When you compile programs with the insure command, the pre-processor symbol __INSURE__ is automatically defined. This allows you to conditionally insert calls to the function which controls the animation process:

    void _Inuse_display_values(int status);

Suppose, for example, that you are only interested in events occurring during the execution of a hypothetical function malloc_a_lot. To restrict data collection to this function, you need to add the following lines to the beginning of your program (i.e. at the top of main):

	#ifdef __INSURE__
		_Inuse_display_values(0);
	#endif

When your program begins, the animation is normally turned on - this call will turn it off. We next modify malloc_a_lot to turn the animation back on for the duration of the function. To do this, we modify the function malloc_a_lot from

    malloc_a_lot() {
          ... code ...
    }

to

    malloc_a_lot() {
    #ifdef __INSURE__
          _Inuse_display_values(1);
    #endif
          ... code ...
    #ifdef __INSURE__
          _Inuse_display_values(0);
    #endif
    }

Now when you compile and run your program, it will only display data between the calls to _Inuse_display_values.

It's worth noting that you can call this routine from a debugger to control the profiling without recompiling your code at all.

You can now turn the GUI on and off using the command:

    _Inuse_enable(boolean)

Calling _Inuse_enable with true (1) turns the GUI on, while calling with false (0) turns the GUI off.

This feature allows you to avoid waiting for many thousands of mallocs during the initialization of your code, and then still be able to turn Inuse on without halting the program's execution or losing information.

To make use of this feature, you cannot have the inuse on option set in your .psrc file. With that option set, Inuse will automatically start working when you execute your program.

Working with your own memory allocator

Internally, there are two important components to the way that Inuse operates

• The graphical user interface.
  
• A version of the memory allocation functions which transmits data to the user interface.
  

Communication between the two pieces is achieved with standard UNIX sockets using a protocol defined by Inuse. If you have your own memory allocation scheme, you can still use Inuse by adding calls to your code which send their results to the user interface.

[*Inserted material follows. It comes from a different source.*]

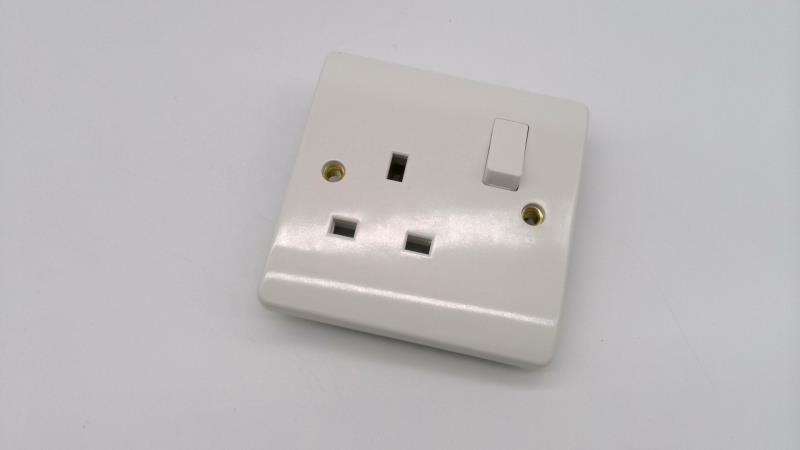 CLICK 4 ELECTRICS CCA605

For example, if you have a routine which performs a similar function to the regular malloc system call, you can add to it a call to the following function:

    _Inuse_malloc(void *ptr, size_t length);

which causes the display system to indicate an allocated block of the indicated size, at the address given.

A full list of the available functions and their usage is given in the manual page which can be found on-line as well as in this manual (Manual Pages).

Working with the "native" memory allocator

By default, programs which use Inuse make calls to a special library which contains implementations of various memory allocation functions, such as malloc, realloc, calloc, and free. As a result, the data that you see displayed in the user interface does not match exactly the behavior of the native runtime system on the target machine, but it is representative of the true behavior.

An alternative approach is to have your own application call different functions which

• call the genuine memory allocation routines on your system, and
  
• send the results to the user interface for display.
  

To achieve this, use the following steps:

• Include the lines

  	#define malloc _Insure_wrap_malloc
  	#define realloc _Insure_wrap_realloc
  	#define free _Insure_wrap_free
  	#define calloc _Insure_wrap_calloc
  	#define cfree _Insure_wrap_free
  

  at the top of every source file that calls one of the memory allocation functions. You may want to add these five lines to a header file that can be included in your sources file.
  
• Recompile your source code.
  
• Place the command "malloc_replace off" in your .psrc file.
  
• Link the executable with the insure command.

This process will create an executable which uses the normal memory allocation package, but which also includes calls to display the results in Inuse's graphical user interface.